= YOUR INSTRUCTIONS =
Below are the records; retype them exactly and omit each picture.

= Web page caption snippets =
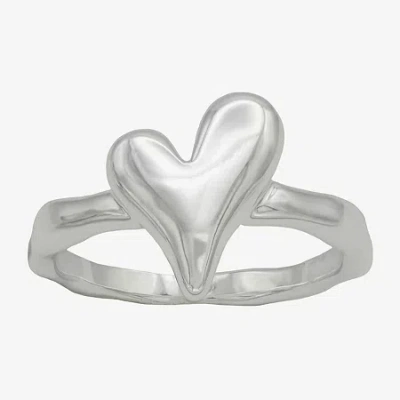 Sparkle Allure Polished Womens 2.5mm Pure Silver Over Brass Heart Delicate Band In Metallic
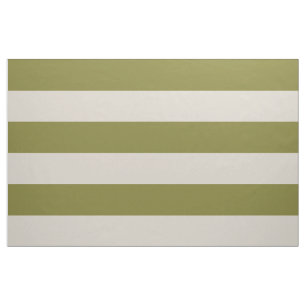 Tissu Vert olive et beige Grandes rayures Grande échelle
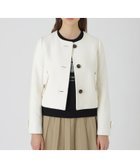【ブルーレーベル クレストブリッジ/BLUE LABEL CRESTBRIDGE】のファインダブルビーバーノーカラージャケット 人気、トレンドファッション・服の通販 founy(ファニー) ファッション Fashion レディースファッション Fashion for Women アウター Coat / Outerwear Collection レディースジャケット・軽アウター Jackets ノーカラージャケット / シンプル上品コーデ Collarless Jackets インナー Innerwear オケージョン Occasion Wear ショート Short, Short Length ジャケット Jacket, Outerwear ボトム Bottoms, Lower Wear thumbnail ホワイト|ID: prp329100004830414 ipo3291000000035160925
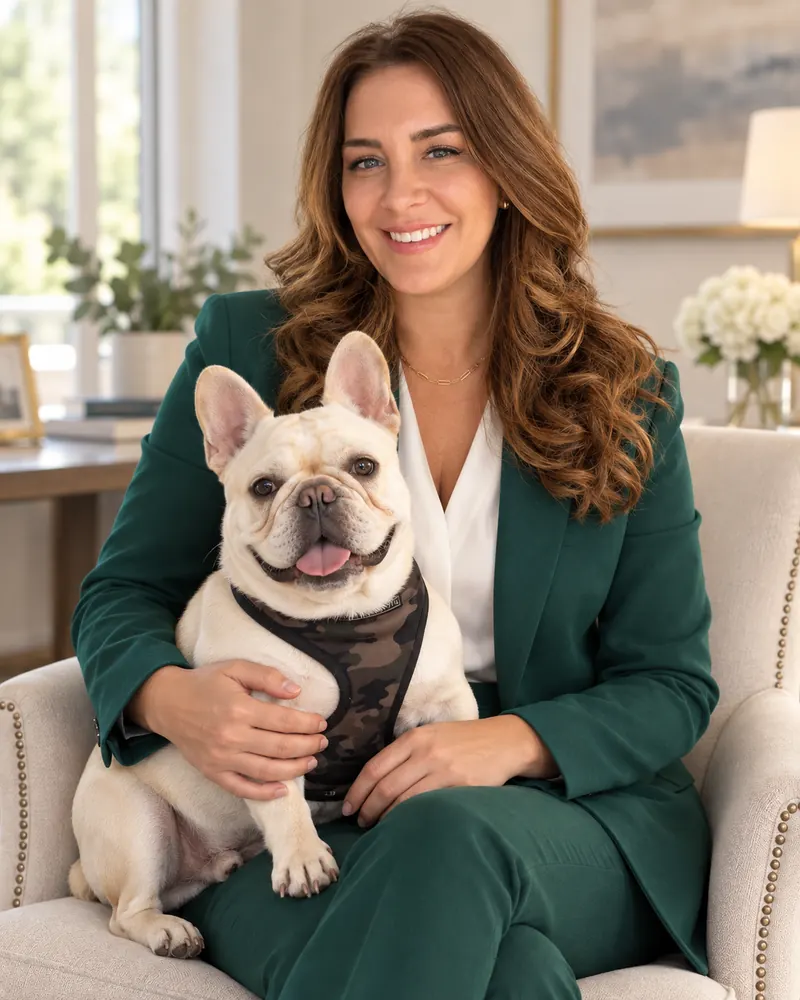 Angie Brannon holding one of her French bulldogs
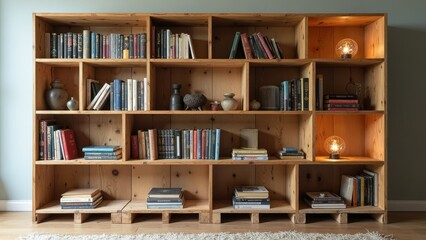 Rustic Modular Bookshelf from Recycled Pallets Accented with Warm Light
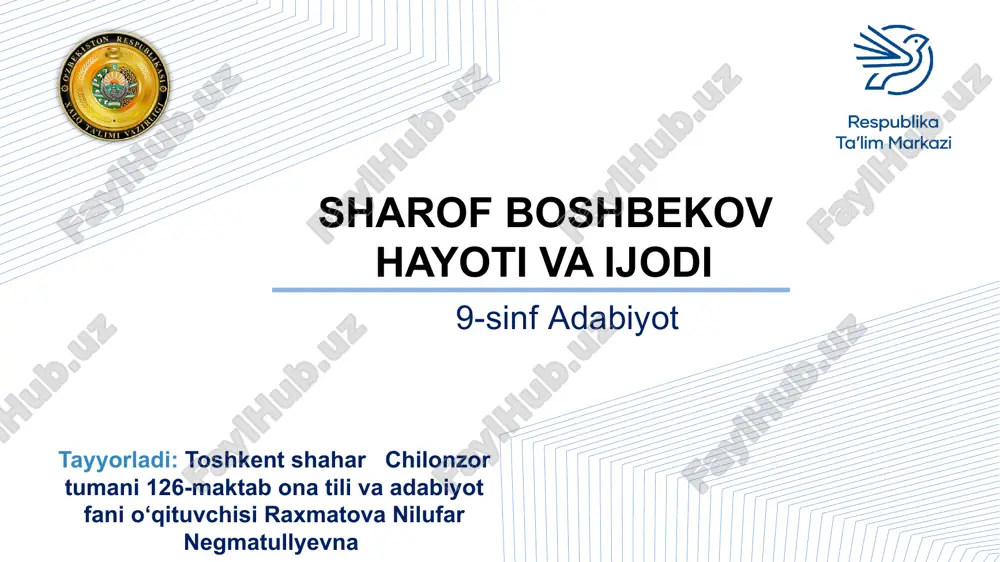 sharof boshbekov hayoti va ijodi — PPTX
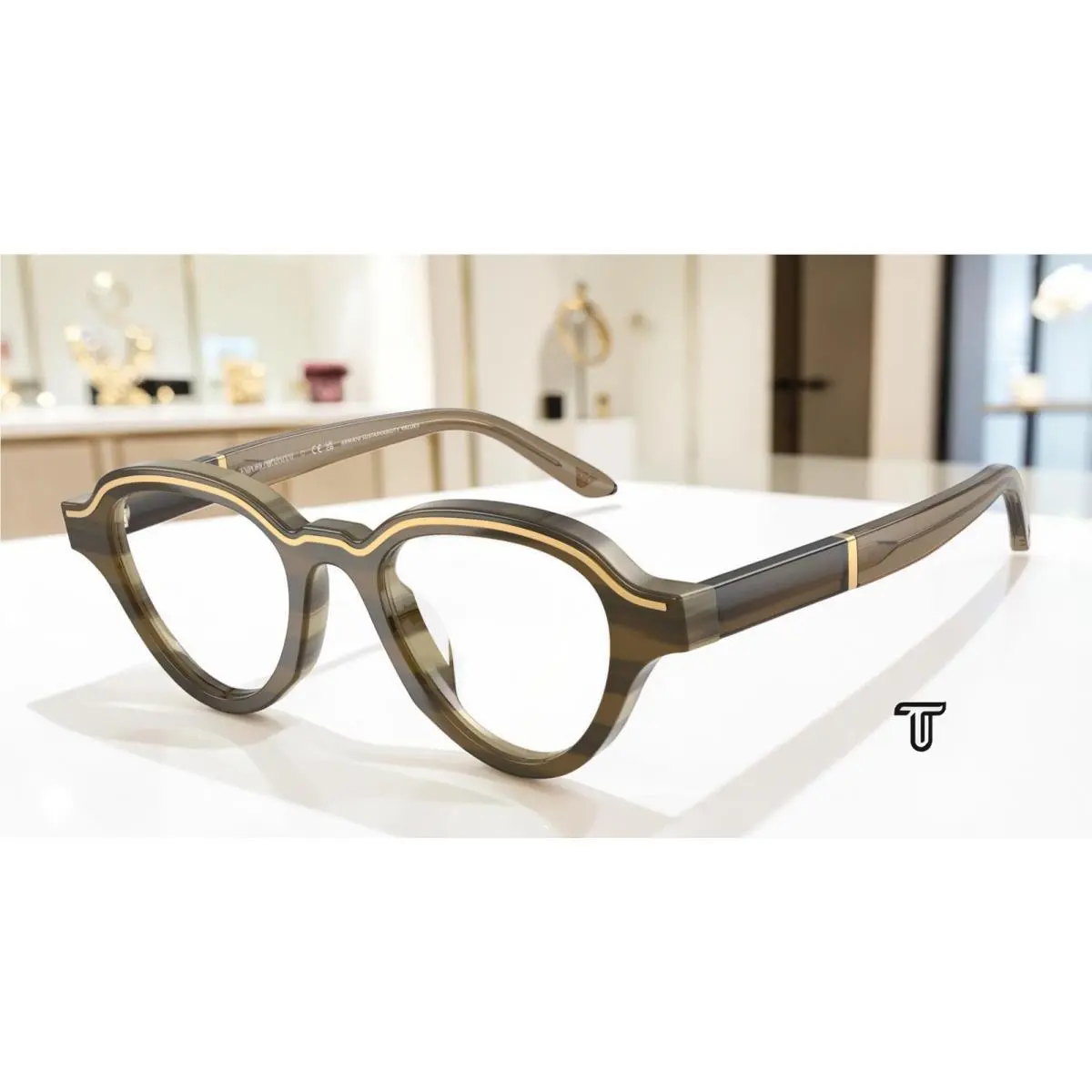 EA4264U 63381W Brown On Striped Beige Clear 47mm Men`s Sunglasses by Emporio Armani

= WRITTEN SOLUTION =
 Sparkle Allure Polished Womens 2.5mm Pure Silver Over Brass Heart Delicate Band In Metallic
 Tissu Vert olive et beige Grandes rayures Grande échelle
【ブルーレーベル クレストブリッジ/BLUE LABEL CRESTBRIDGE】のファインダブルビーバーノーカラージャケット 人気、トレンドファッション・服の通販 founy(ファニー) ファッション Fashion レディースファッション Fashion for Women アウター Coat / Outerwear Collection レディースジャケット・軽アウター Jackets ノーカラージャケット / シンプル上品コーデ Collarless Jackets インナー Innerwear オケージョン Occasion Wear ショート Short, Short Length ジャケット Jacket, Outerwear ボトム Bottoms, Lower Wear thumbnail ホワイト|ID: prp329100004830414 ipo3291000000035160925
 Angie Brannon holding one of her French bulldogs
 Rustic Modular Bookshelf from Recycled Pallets Accented with Warm Light
 sharof boshbekov hayoti va ijodi — PPTX
 EA4264U 63381W Brown On Striped Beige Clear 47mm Men`s Sunglasses by Emporio Armani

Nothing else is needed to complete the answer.